Dressed in a long sleeved t-shirt and slacks, he was lying flat on his back, arms behind his head, and eyes closed. They opened at the sound of her approach; his brow rose in his customary way. Hermione had to smile.

"How's your arse?"

Her smile dropped.

"None of your business."

He sniggered as she gingerly settled a short distance away from him.

"It's all your fault," she accused.
"Nonsense. That last one was your idea."
"The whole... thing... was your idea."
He flouted her assertion with a flippant grunt, and closed his eyes again.
"How are you feeling?" she queried.
"I feel like I'm dead."
Hermione leaned back on her arms and gazed upwards. "That's a strange thing to say."
"Okay."
"What I mean is–"
"Please don't elaborate."
"You can't feel like you're dead, because you've never actually been dead. You have no experience, no idea what deadness feels like. So at best, you can claim to feel like what you imagine being dead feels like."
"Granger," he groaned, agonised.
She allowed herself a secretive vindictive grin. "Don't feel bad, though.
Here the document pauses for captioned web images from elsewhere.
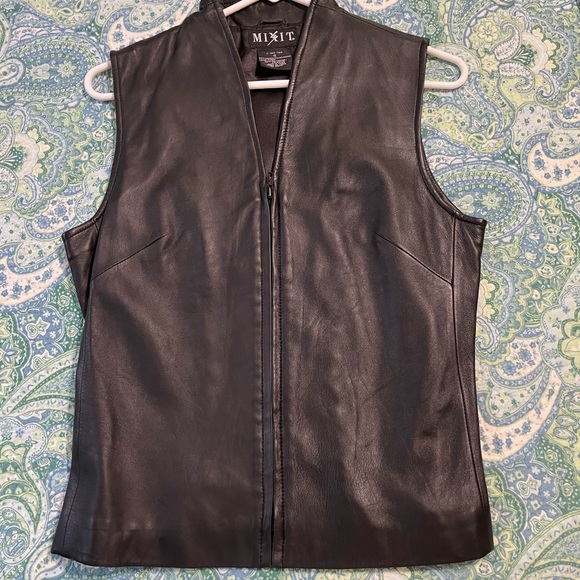 Black Leather Vest EUC - Picture 1 of 3
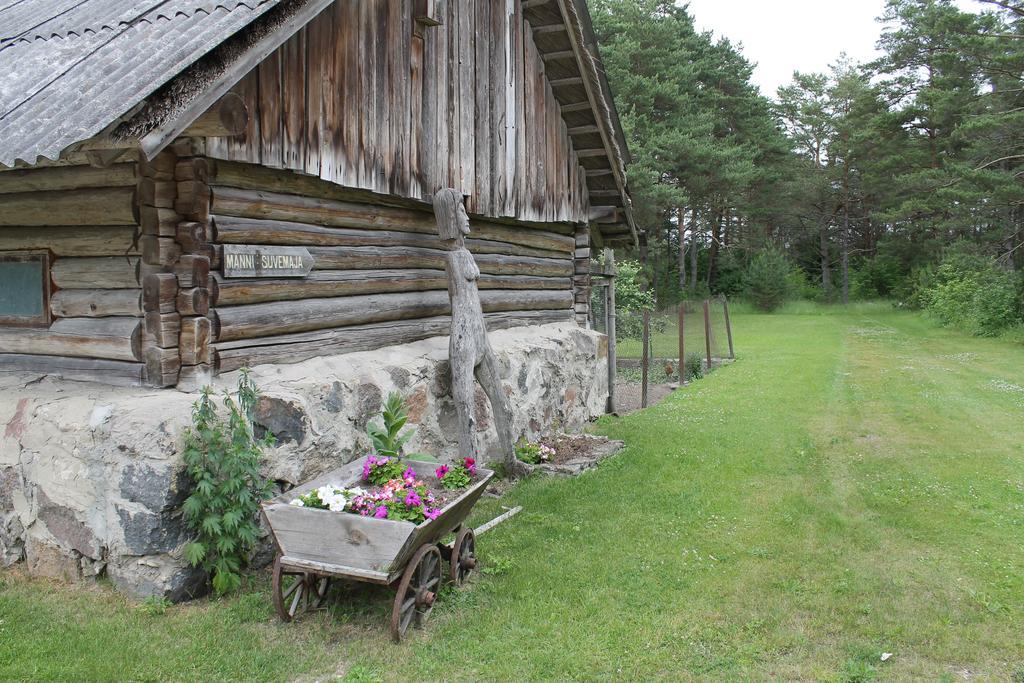 Maenni Summerhouse Kassari Szoba fotó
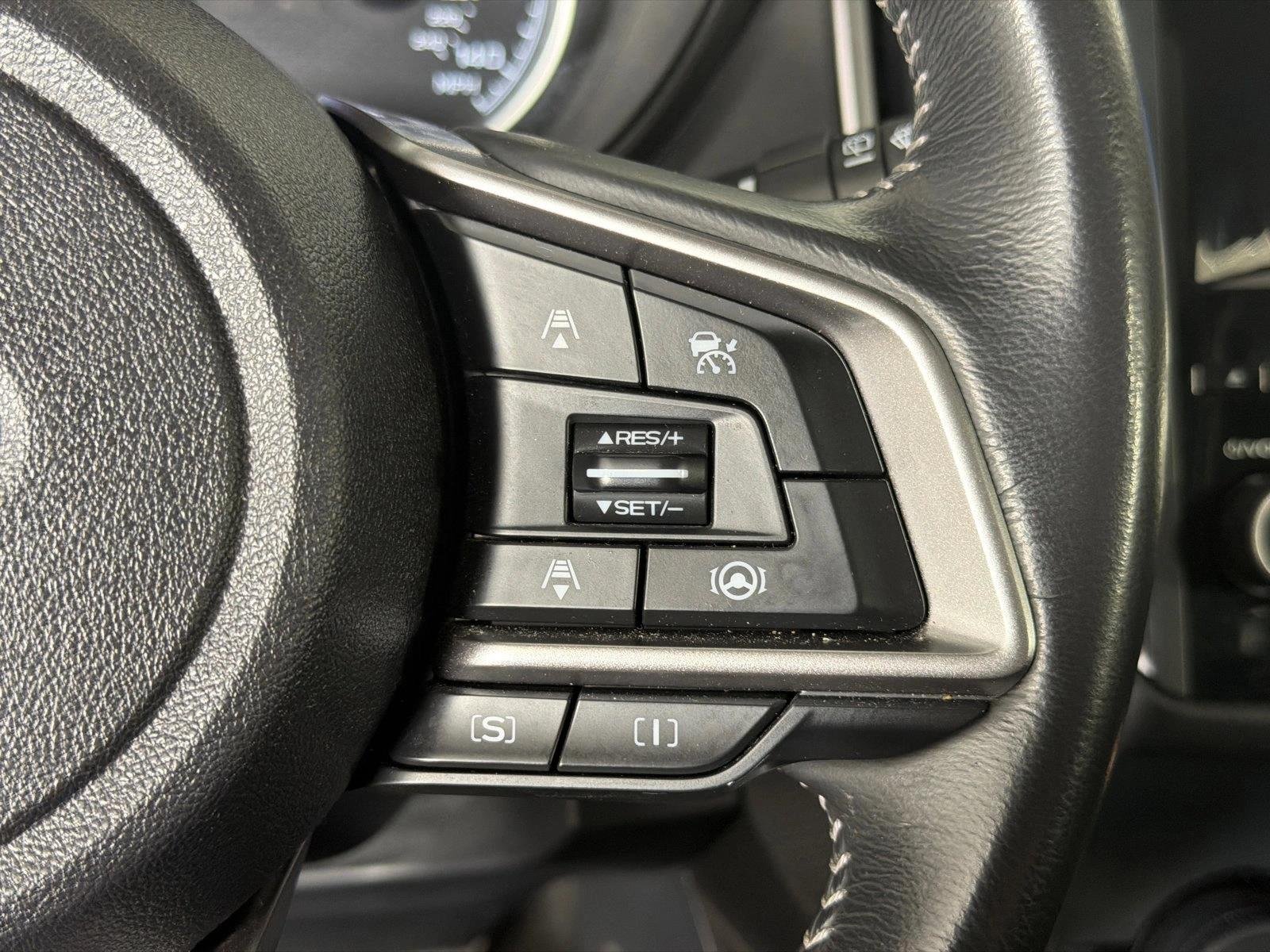 Used 2023 Crystal Black Silica Subaru Premium image 26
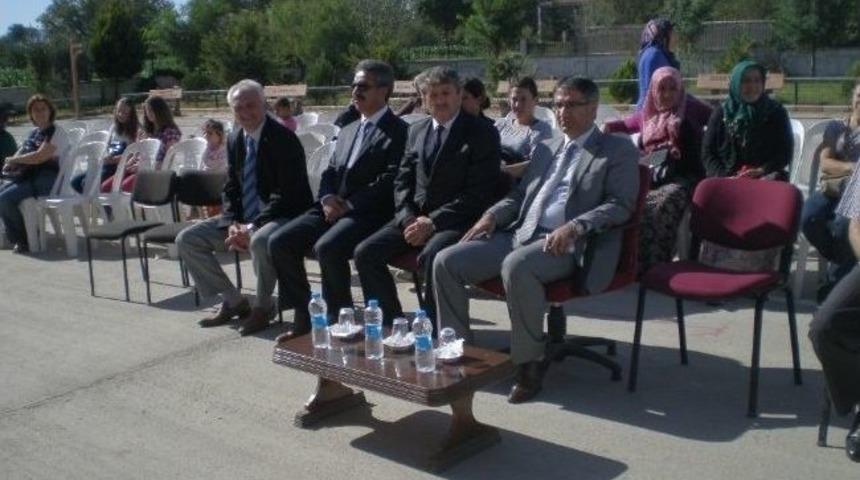 G&ouml;me&ccedil;'te İlk&ouml;ğretim Haftası Kutlamaları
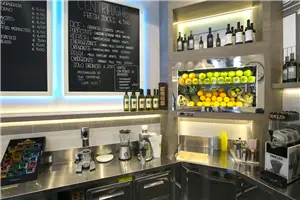 Particolare retrobanco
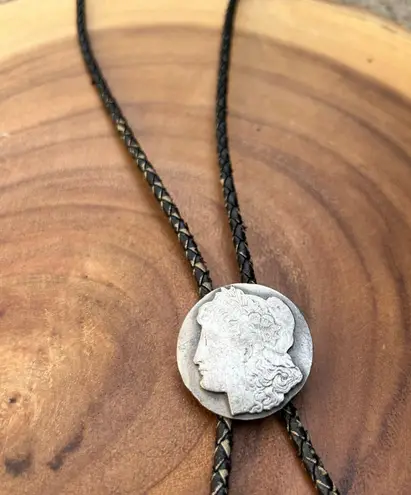 Siskiyiu USA Oregon 1989 Morgan Silver Dollar Western Genuine Leather Bolo Tie Black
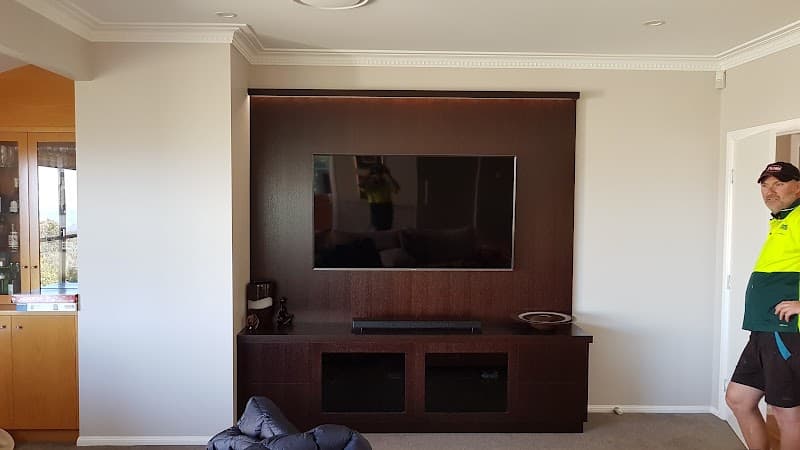 Jonmark Cabinets kitchen renovation work in Glenvale
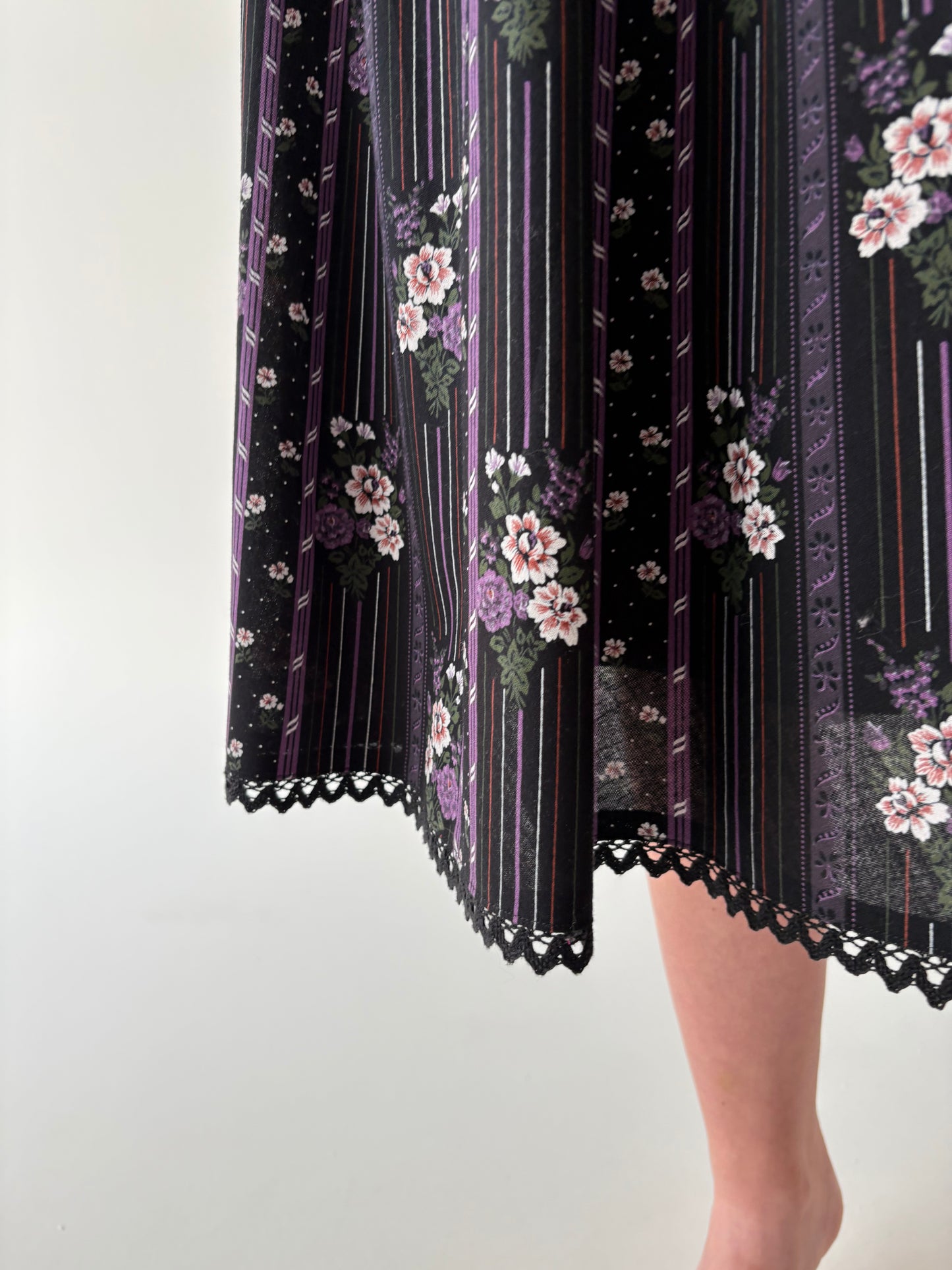 Fustă vintage în croi de ani 50 din bumbac gros texturat cu print lavandă delicat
Nobody knows what being dead feels like. Aside from ghosts, of course, but they must always feel dead – that's just their way – so it's a bit redundant."
"All right. Thank you for burying me under such a teetering pile of bullshit–"
"Harry died. Kind of. But I don't think that counts. He had a very singular experience. I don't think you meant that you felt dead in a particularly singular way–"
"How about this," he barked, "You make me wish I was dead."
She glanced his way to find him glaring at her.
"Yes, you could say that. It would be stupidly dramatic, but sure."
"Your incessant nattering will be the death of me."
"Ye–"
"The inane, incomprehensible pedantry of your argument is potentially deadly."
"ALL RI–"
"If I imagine the bleakness of death, all I can envision is a rocky desert and your voice echoing endlessly."
"And you Draco – you bore me to death and I–"
"Ah, ah!" he crowed, "You mean I bore you to what you think death might be like."
"Damn it!" she grumbled.

He laughed. She knew he was looking at her, but she couldn't look back. Over the grassy fragrance she'd been craving, she could smell his cologne.

"There's a muggle artist called Damien Hirst. One of his most famous works is a tiger shark preserved in formaldehyde, stored in a giant glass display case."
He was silent for a while. She tried to picture what expression he might be wearing. Probably one that conveyed how daft he found her.
"An actual shark?"
"Yes."
"And that's... art?"
"Yes. But can you guess what he titled it?"
"Oh, do tell. I'm on tenterhooks," he droned.
"It's called The Physical Impossibility of Death in the Mind of Someone Living."

He practically guffawed, and she just had to look. His eyes were squeezed shut, his head was thrown back against the grass, platinum blond spilling into green...
She was laughing right along with him.
As he calmed, he opened his eyes and stared at her. She had to turn away again.

Quietude reigned after that. The sun got hotter with each passing minute, adding to Hermione's headiness. She so badly wanted to lie down. She was dying to lie down. Watching sunlight dance on rippling water was hypnotic.

Draco stood up and dusted the back of his trousers.
"You're going?" she asked.
"Yeah. Thomas and Finnigan said they be up for some quidditch about now. See you around, Granger."
"See you," she mumbled.
She watched him walk away, getting smaller and smaller, till she lost the battle against gravity and lay down. A sigh escaped her lips and she stretched out her arms as though hoping for something divine to burst through the sky and embrace her.